**DATASET CONTENT:**
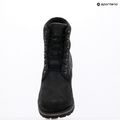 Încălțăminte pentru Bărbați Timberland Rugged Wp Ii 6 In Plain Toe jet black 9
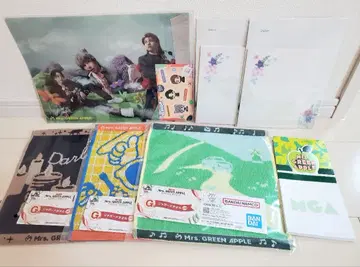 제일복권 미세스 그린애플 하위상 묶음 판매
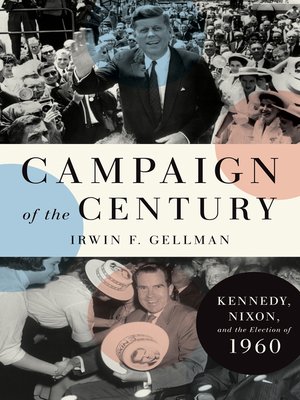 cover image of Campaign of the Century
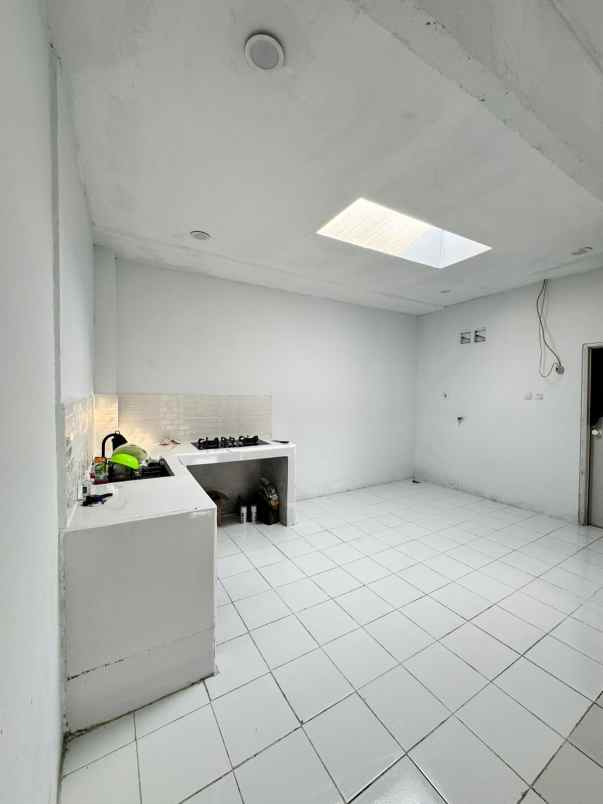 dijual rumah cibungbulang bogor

**TASK STATEMENT:**
Give again the lines from the line that contains "제일복권 미세스 그린애플 하위상 묶음 판매" through the last line of the material above, exactly and with both ends included. Omit the pictures.

**EXERCISE OUTPUT:**
 제일복권 미세스 그린애플 하위상 묶음 판매
 cover image of Campaign of the Century
 dijual rumah cibungbulang bogor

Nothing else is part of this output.